## Problem requirements
Transcribe all data verbatim. Skip the pictures.
-- Source material follows --
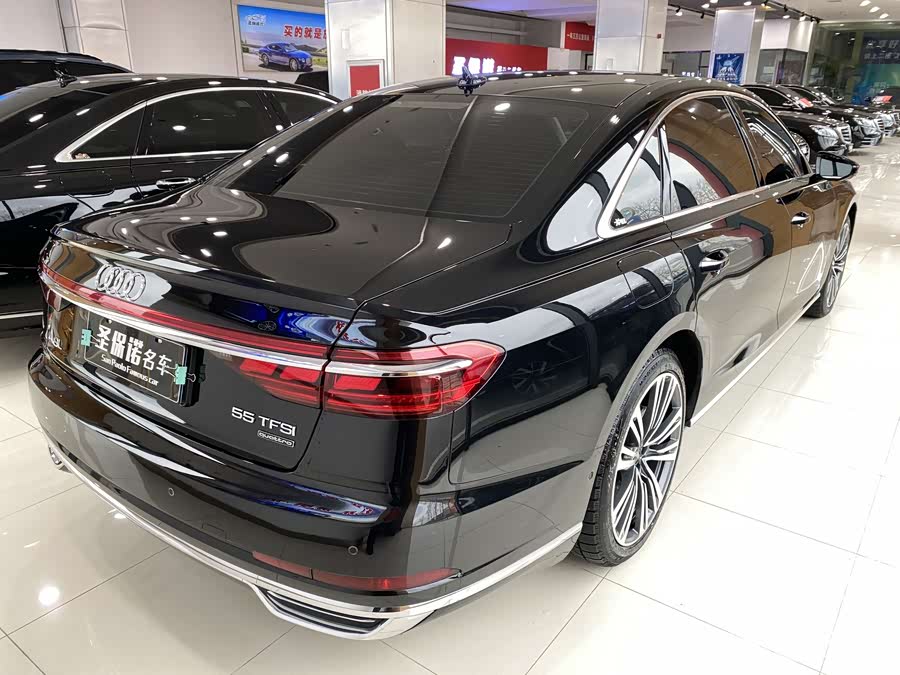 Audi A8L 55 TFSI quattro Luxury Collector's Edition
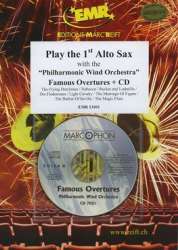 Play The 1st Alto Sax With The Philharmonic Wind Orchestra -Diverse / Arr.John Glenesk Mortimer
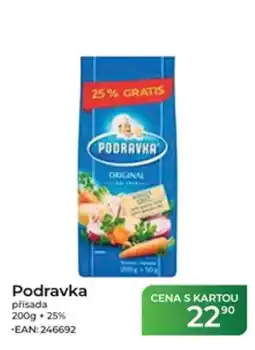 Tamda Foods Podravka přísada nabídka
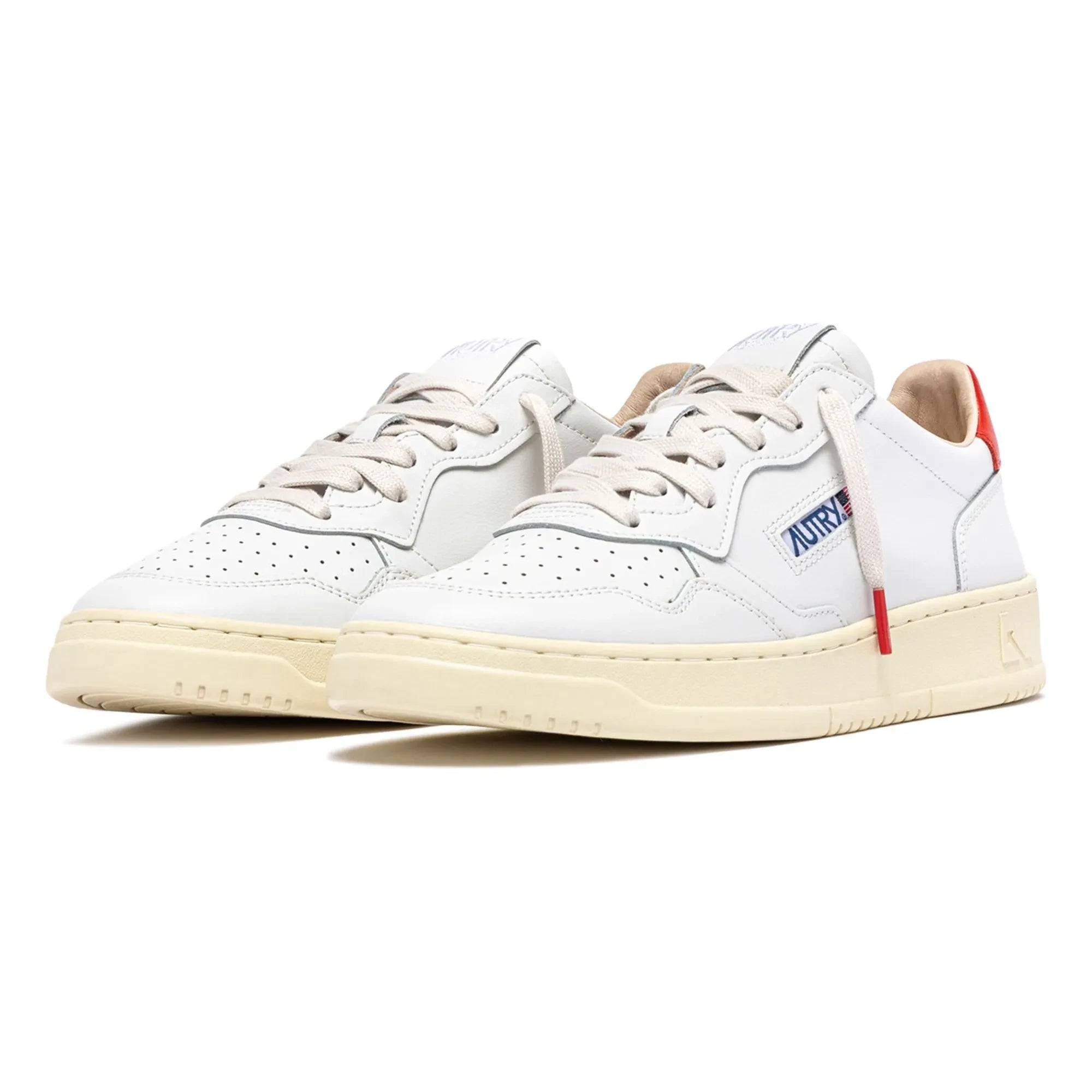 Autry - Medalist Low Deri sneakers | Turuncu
-- Source material concluded --
## Answer to this task
 Audi A8L 55 TFSI quattro Luxury Collector's Edition
 Play The 1st Alto Sax With The Philharmonic Wind Orchestra -Diverse / Arr.John Glenesk Mortimer
 Tamda Foods Podravka přísada nabídka
 Autry - Medalist Low Deri sneakers | Turuncu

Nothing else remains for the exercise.